__WHAT TO WORK ON__:
Look below for the line containing "12.04.2026 - 45.". Write out that line and the rest through the last one, exactly as they appear, but without pictures.

___ RECORDS SHOWN

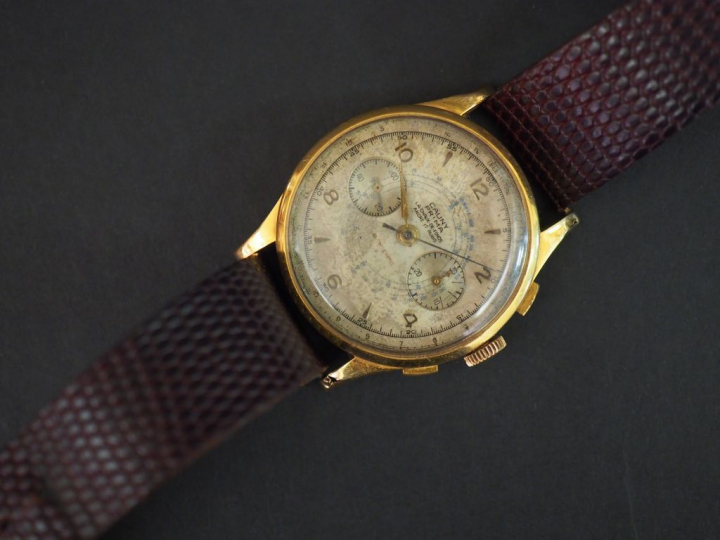 CAUNY. Montre d'homme, boitier or.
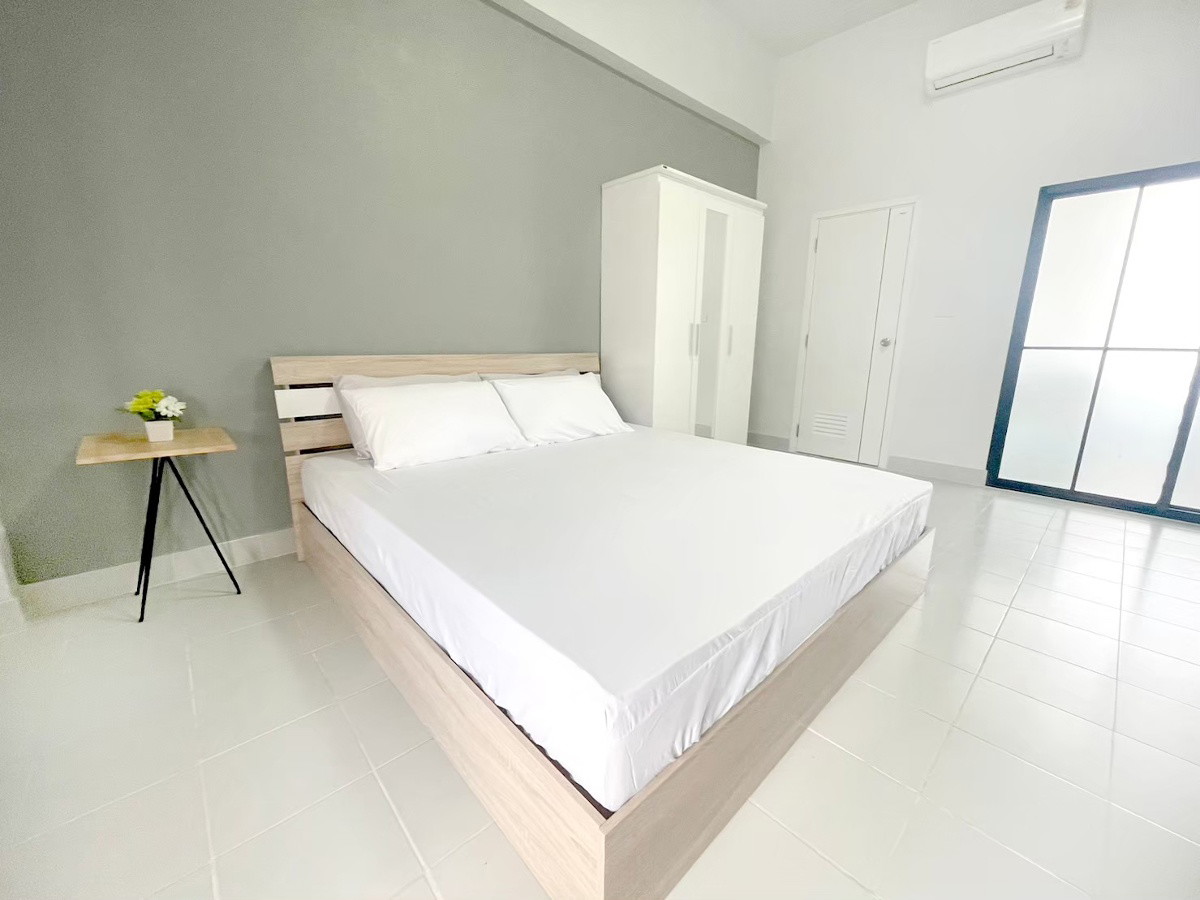 Condo — photo 1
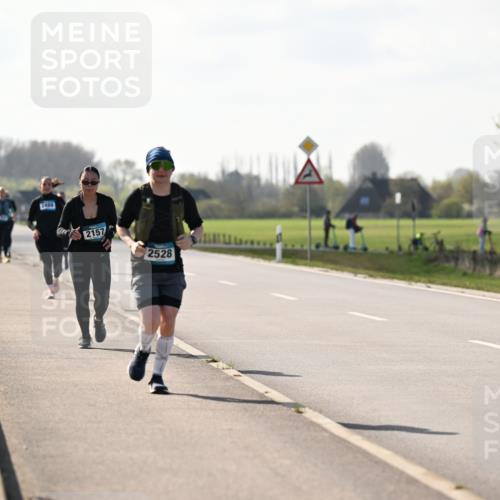 12.04.2026 - 45. Internationalen Wilhelmsburger Insellauf Dr. Thomas Lammeyer http://msf.ph/oto/9449960 12.04.2026 10:40:33 Laufen 2489, 2157, 2528 meine-sportfotos.de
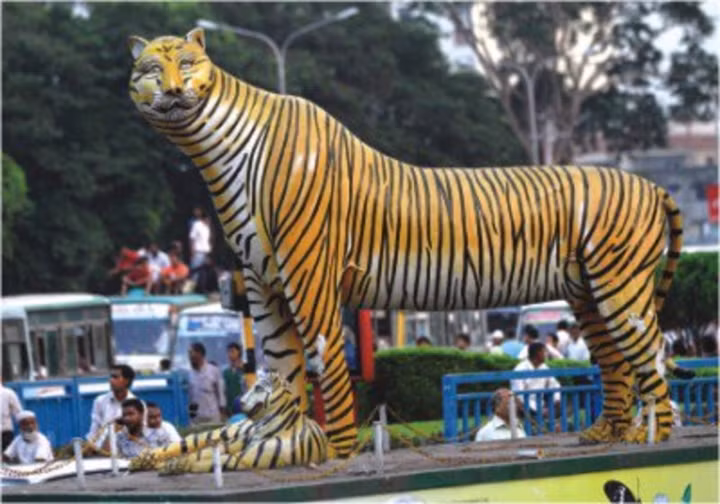 Khi bạn đầu tư quá hoành tráng cho thân hình, nhưng đến khi phần đầu thì hết nguyên liệu, nên là thành phẩm chỉ có thể như thế này thôi.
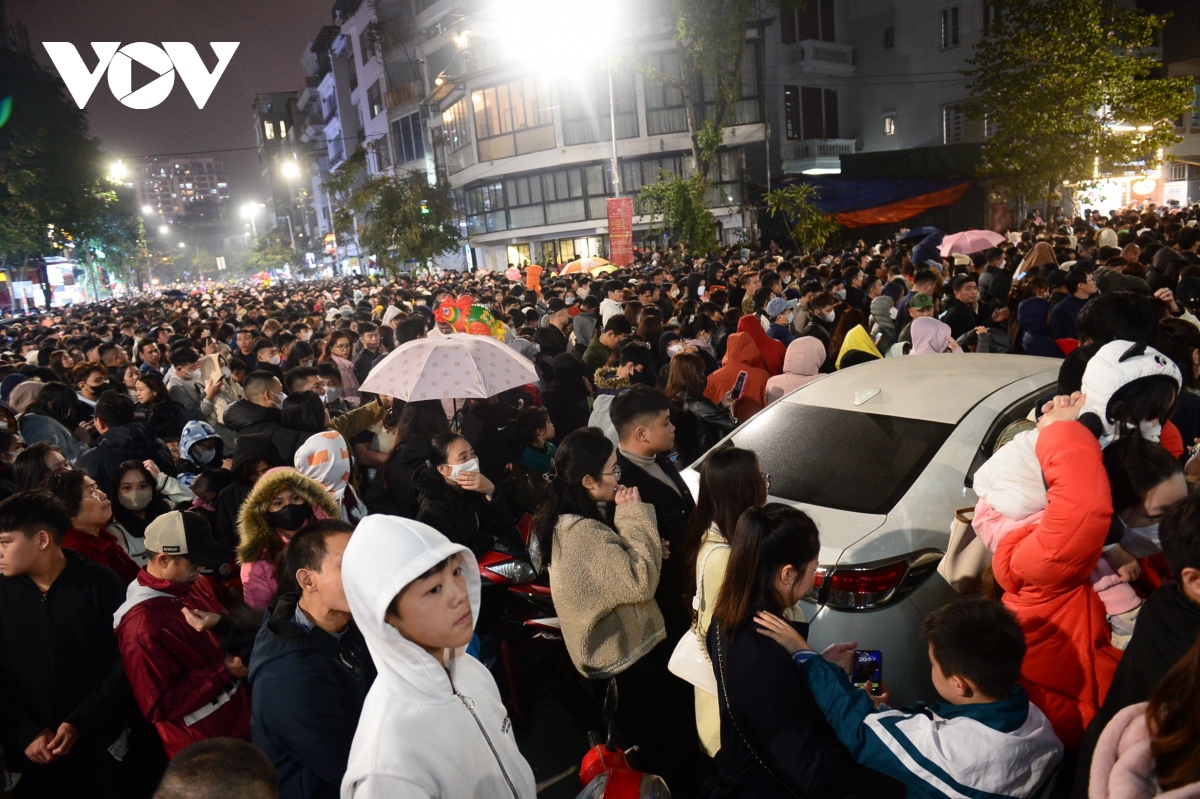 The show is part of the programme called Get on Hanoi – Scent of Tay Ho 2024 to launch the Nhat Tan Tourist Area in Tay Ho district. Despite the chill, thousands converge on Trinh Cong Son Walking Zone in Tay Ho district to watch the show.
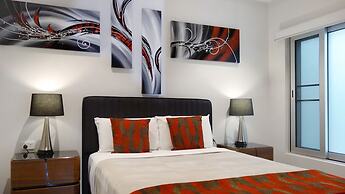 Semaphore Splash Apartments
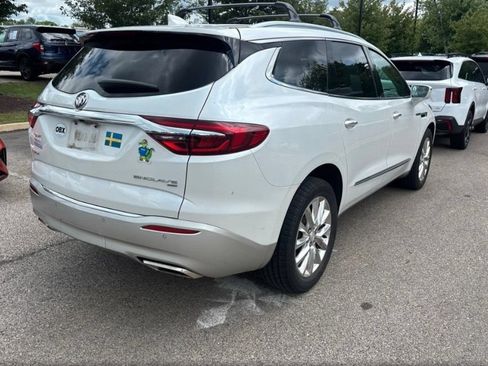 Used 2018 Buick Enclave Premium w/ Experience Buick Package AWD/4WD image 8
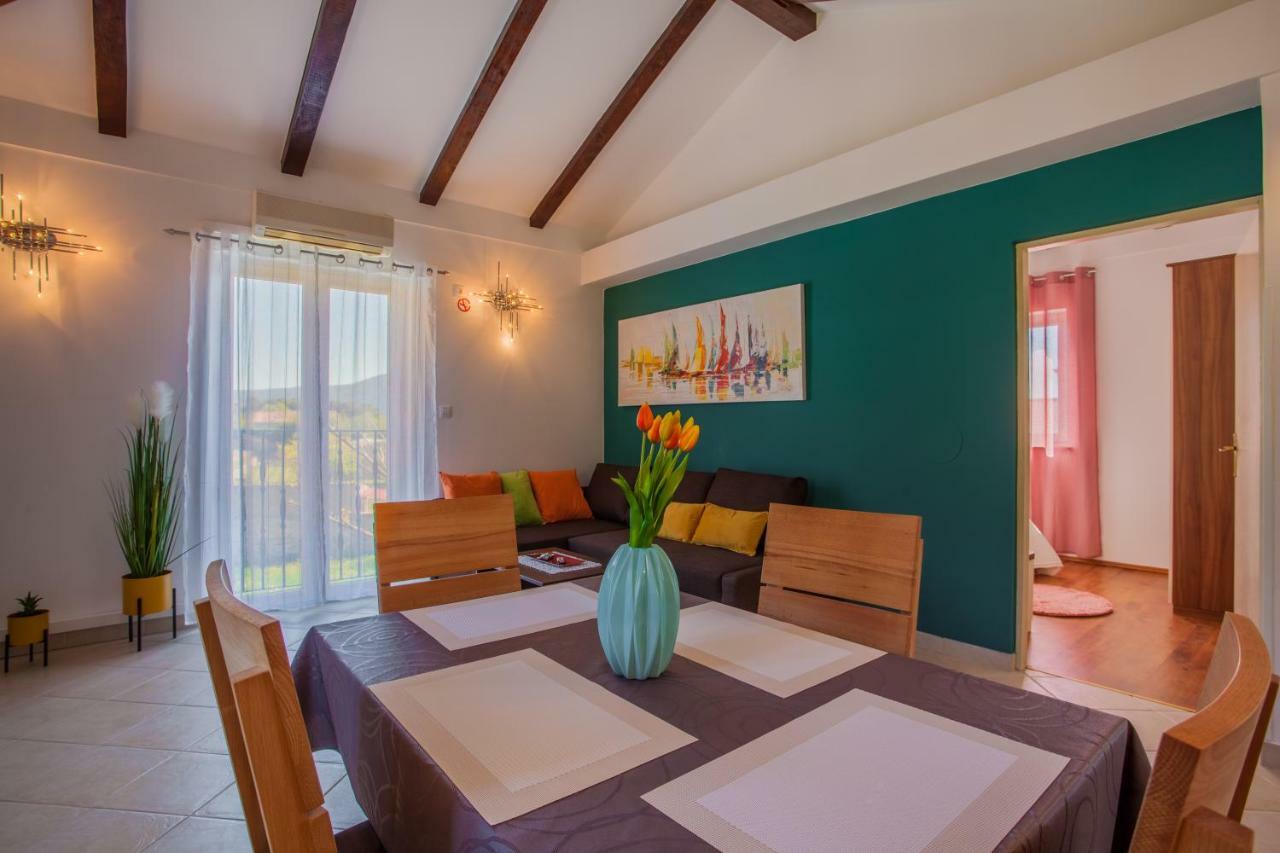 Apartman Madlen Cres Exterior foto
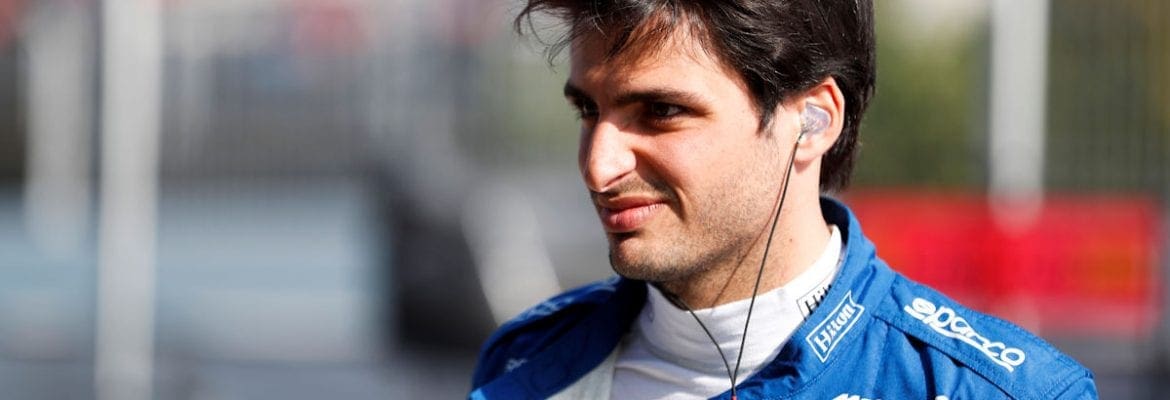 Motor da Ferrari “ainda um bom passo à frente” de outros motores, considera Sainz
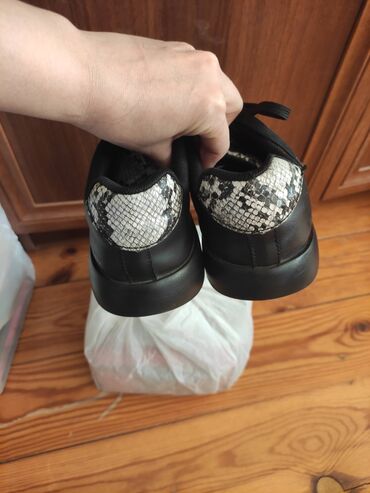 Tuflilər: Tuflilər, Ölçü: 37, rəng - Qırmızı, İşlənmiş — 10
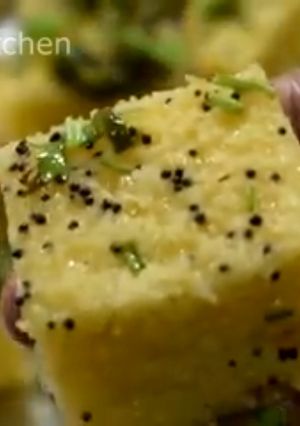 खमन ढोकला (khaman dhokla recipe in Hindi) रेसिपी मुख्य फोटो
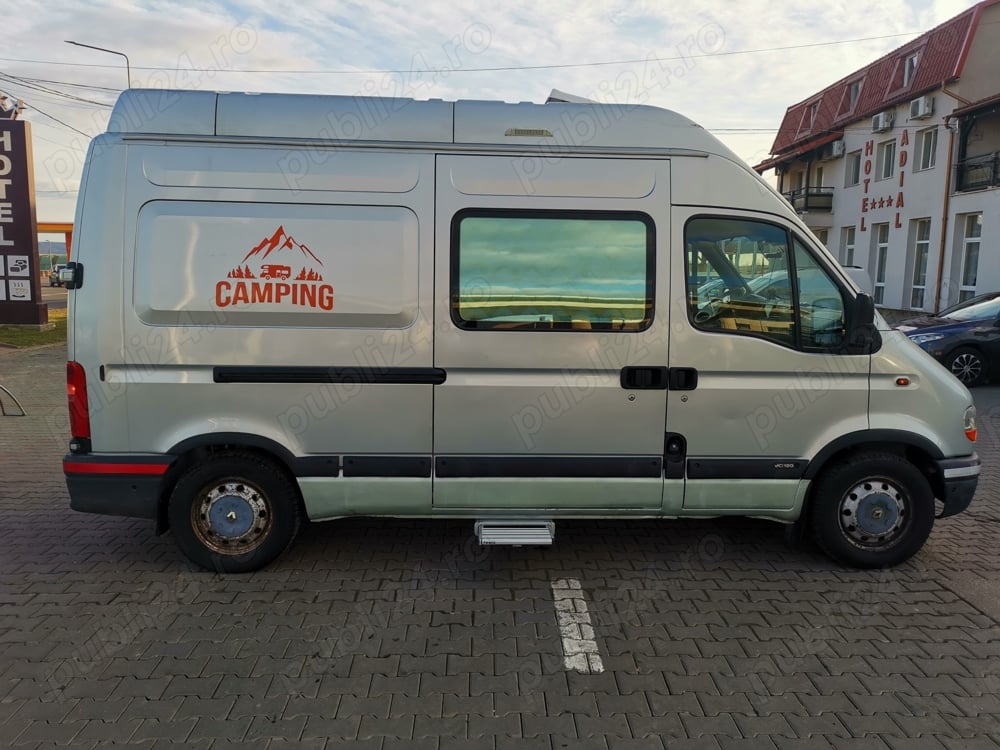 Vând autorulota omologata Renault Master din 2003, motor 2,5, 6 viteze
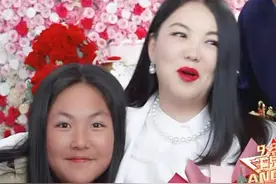李湘一家三口直播同框，老公专程送玫瑰好浪漫，女儿黑到亲妈吐槽图片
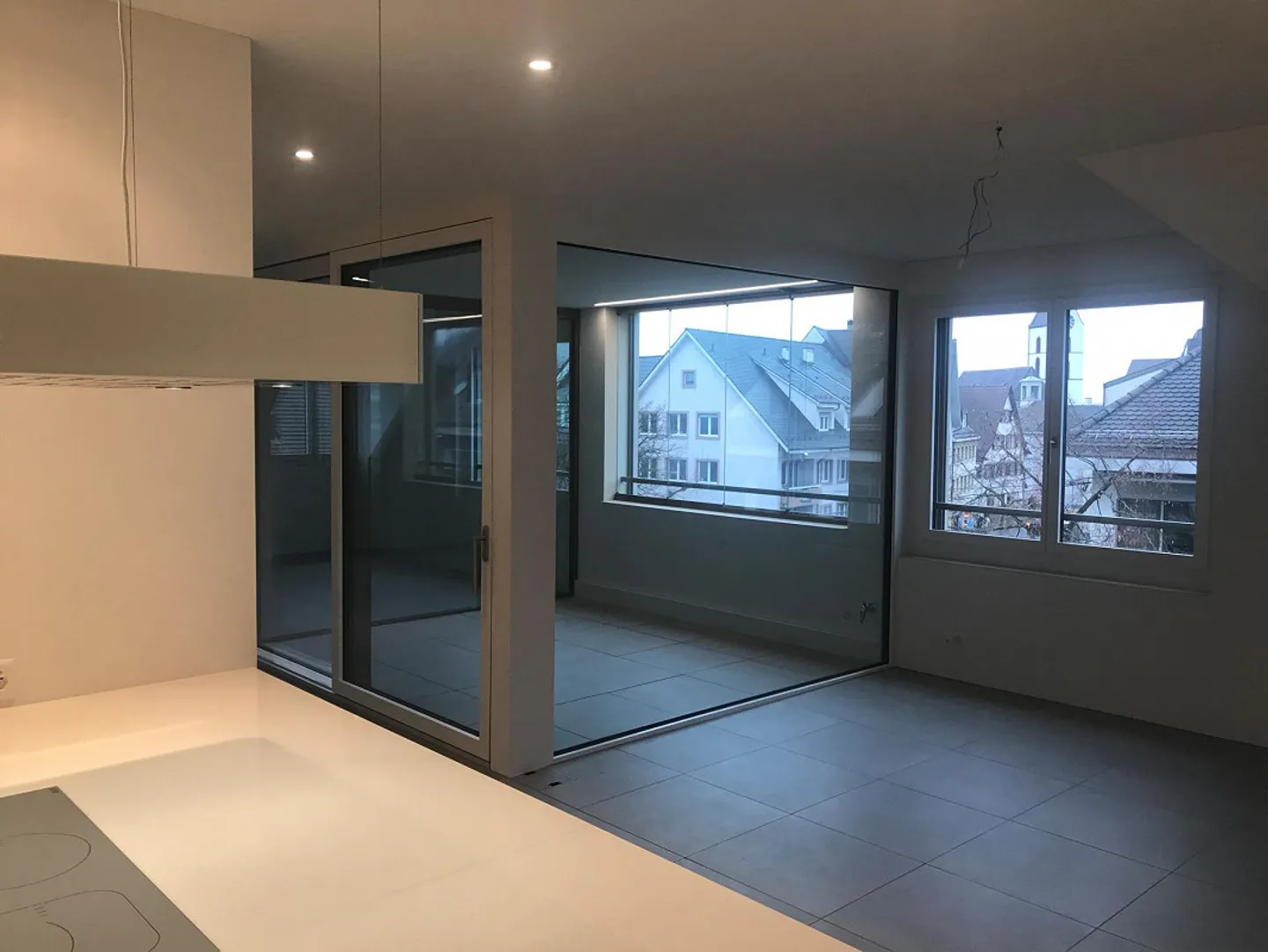 Moderne Dachwohnung mit ca. 182 m2 an gesuchter Wohnlage in Riehen/BS - Foto 6 von 15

______

__OUTPUT BELOW__:
 12.04.2026 - 45. Internationalen Wilhelmsburger Insellauf Dr. Thomas Lammeyer http://msf.ph/oto/9449960 12.04.2026 10:40:33 Laufen 2489, 2157, 2528 meine-sportfotos.de
 Khi bạn đầu tư quá hoành tráng cho thân hình, nhưng đến khi phần đầu thì hết nguyên liệu, nên là thành phẩm chỉ có thể như thế này thôi.
 The show is part of the programme called Get on Hanoi – Scent of Tay Ho 2024 to launch the Nhat Tan Tourist Area in Tay Ho district. Despite the chill, thousands converge on Trinh Cong Son Walking Zone in Tay Ho district to watch the show.
 Semaphore Splash Apartments
 Used 2018 Buick Enclave Premium w/ Experience Buick Package AWD/4WD image 8
 Apartman Madlen Cres Exterior foto
 Motor da Ferrari “ainda um bom passo à frente” de outros motores, considera Sainz
 Tuflilər: Tuflilər, Ölçü: 37, rəng - Qırmızı, İşlənmiş — 10
 खमन ढोकला (khaman dhokla recipe in Hindi) रेसिपी मुख्य फोटो
 Vând autorulota omologata Renault Master din 2003, motor 2,5, 6 viteze
李湘一家三口直播同框，老公专程送玫瑰好浪漫，女儿黑到亲妈吐槽图片
 Moderne Dachwohnung mit ca. 182 m2 an gesuchter Wohnlage in Riehen/BS - Foto 6 von 15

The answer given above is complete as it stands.